I just read the following on page 479 and was struck by the following:
In September of 1940, Churchill refused to surrender to Germany, even after the German blitz took the lives of forty thousand Londoners.
I knew the German blitz took lives, but 40,000 just in London alone by 1940? Churchill was definitely the right man for the times.
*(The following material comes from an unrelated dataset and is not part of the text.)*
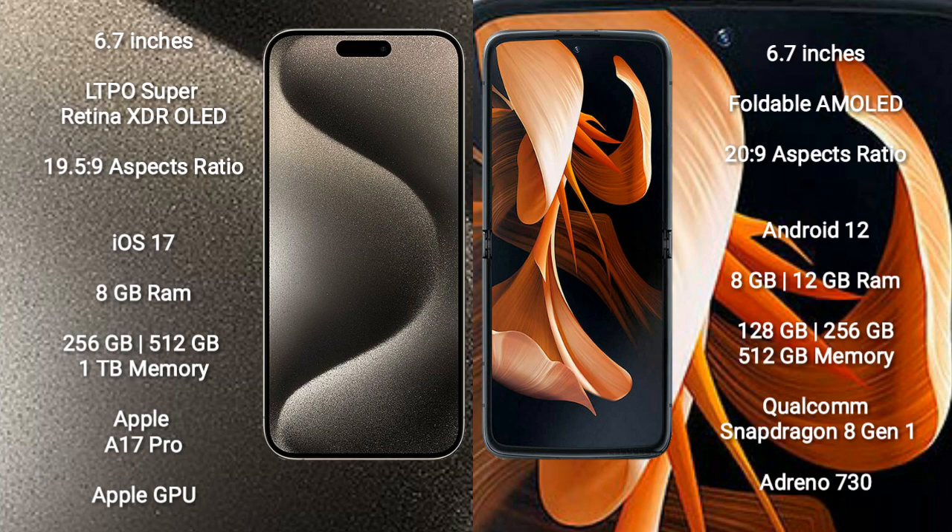iPhone 15 Pro Max comes with 8GB RAM and 256GB, 512GB, or 1TB internal storage. It is powered by the Apple A17 Pro Processor and Apple Graphics GPU.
Edited to add: Finished part 3. My dad served in WWII in the US Army. He never spoke of the war except to tell two funny stories; I did ask him in 1990 whether he had killed anybody in the war and he said "Oh, yes." He did not elaborate. He was glad that Truman dropped the bombs on Japan because he was going to go from winning in Europe straight to the Pacific theater of the war.

40Familyhistorian
Apr 11, 9:51pm Top

I finally finished part 3 a few days ago and am on to part 4. Its getting close to times that I remember (somewhat).

41ffortsa
Apr 13, 1:28pm Top

>37 streamsong: great quotes. This is part of what upsets me so much in this book. We are still fighting across the divide of faith and reason, and often it's not faith in a religion, but faith in what you yourself believe against all evidence. I recall Frost's "Mending Wall", which some people think is a poem in praise. But the significant line is "He will not go behind his father's saying." Closed minds.